Abdelaziz Meziane Belfkih : Le Conseiller est un haut commis de l'Etat. Il fait partie des responsables qui tirent leur légitimité de la nomination Royale. Son périmètre d'action se situe, par définition, en dehors de la sphère politique et partisane. Le Conseiller doit assumer pleinement ses responsabilités, tout en se mettant à l'abri de toute influence ou instrumentalisation.

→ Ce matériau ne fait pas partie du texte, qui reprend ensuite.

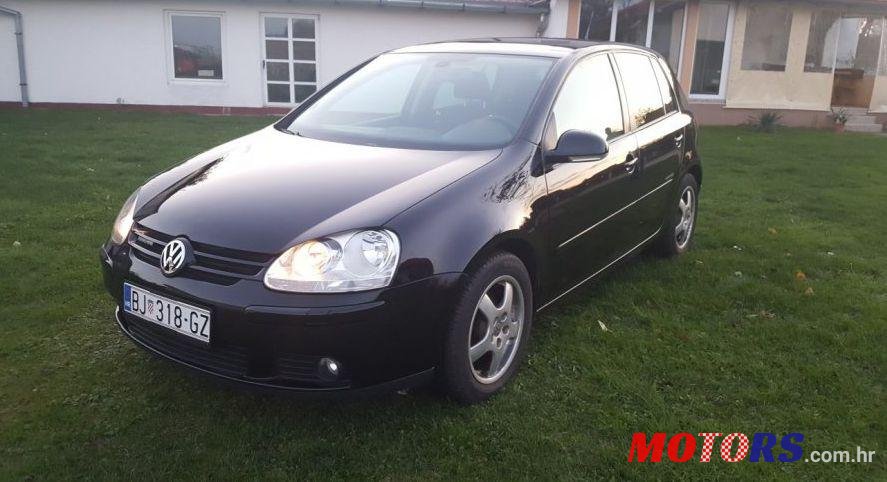 2008' Volkswagen Golf V 1,9 Tdi photo #2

Abdelaziz Meziane Belfkih et Mohamed Moatassim,
parcours de deux proches collaborateurs du Souverain
Les deux Conseillers de SM le Roi ne sont plus à présenter. Abdelaziz Meziane Belfkih a été, depuis décembre 2003, à la tête du comité directeur chargé de l'élaboration du rapport sur les 50 ans de l'Indépendance. Ingénieur «Ponts et Chaussées», ce natif de Taourirt, en 1944, est un homme connu par son acharnement à la tâche. Cadre des Travaux publics depuis le début de sa carrière, il sera ministre de l'Agriculture, de l'Equipement et de l'Environnement, et puis d'une combinaison des trois. Conseiller royal, il sera de tous les défis. C'est à lui qu'on doit l'idée de la rocade méditerranéenne. En 1998, il est directeur du projet de liaison à travers le détroit de Gibraltar. Une année après, il prend en charge la direction de la COSEF, c'est à lui que reviendra la charge de présider la Fondation Mohammed VI pour la Promotion des œuvres sociales de l'éducation et de la formation. Mohammed Moatassim est un constitutionnaliste chevronné, professeur de droit et fin connaisseur de l'affaire du Sahara. Ce natif de Settat en 1956, soutient, en 1988, une thèse d'Etat en sciences politiques sur le thème «L'évolution traditionaliste du droit constitutionnel marocain». Il est nommé en 1993 ministre délégué auprès du Premier ministre chargé des relations avec le Parlement. En 1995, il intègre le Cabinet royal en tant que chargé de mission. Quatre ans plus tard, il est nommé en tant que Conseiller de Sa Majesté le Roi. M. Moatassim est membre du CCDH, il est auteur de plusieurs ouvrages, notamment «L'expérience parlementaire au Maroc», «Le régime politique marocain 1962-1991» et «Les régimes politiques contemporains».